- [TASK REQUIREMENTS] Skip any image you find and restate the rest of the data word for word.

- [DATA PROVIDED]
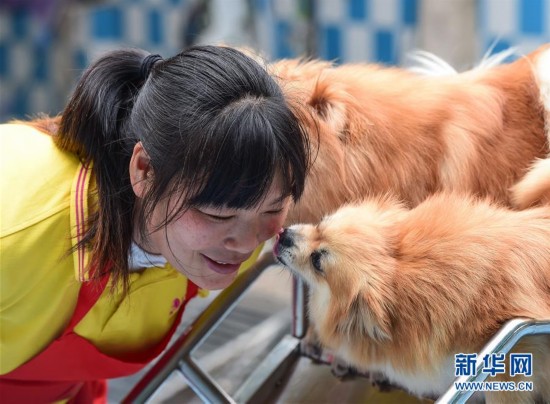 芬姐和博美犬2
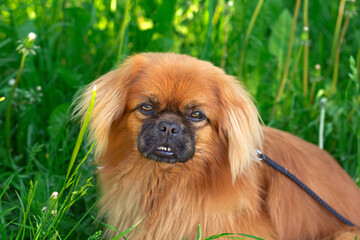 Fototapeta premium Pekingese dog reddish over grass background in summer time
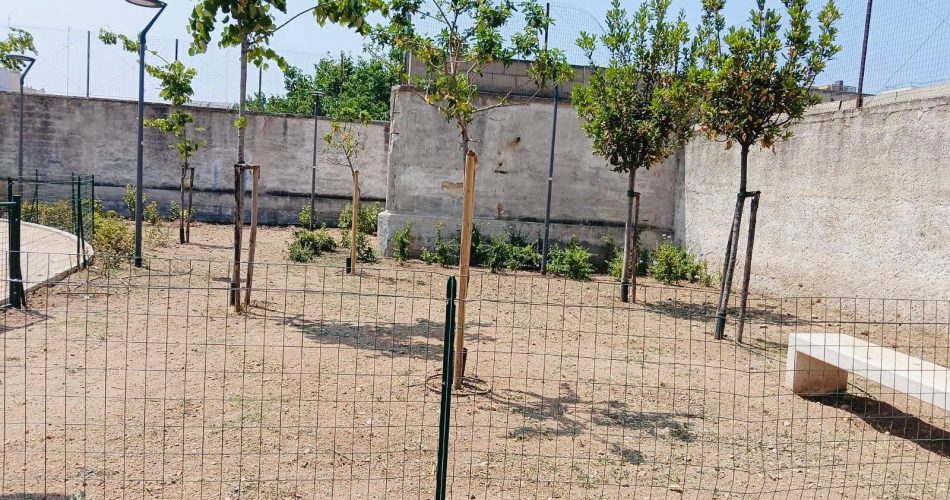 pulizia aree sgambamento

- [SOLUTION FOR THIS PROBLEM]
 芬姐和博美犬2
 Fototapeta premium Pekingese dog reddish over grass background in summer time
 pulizia aree sgambamento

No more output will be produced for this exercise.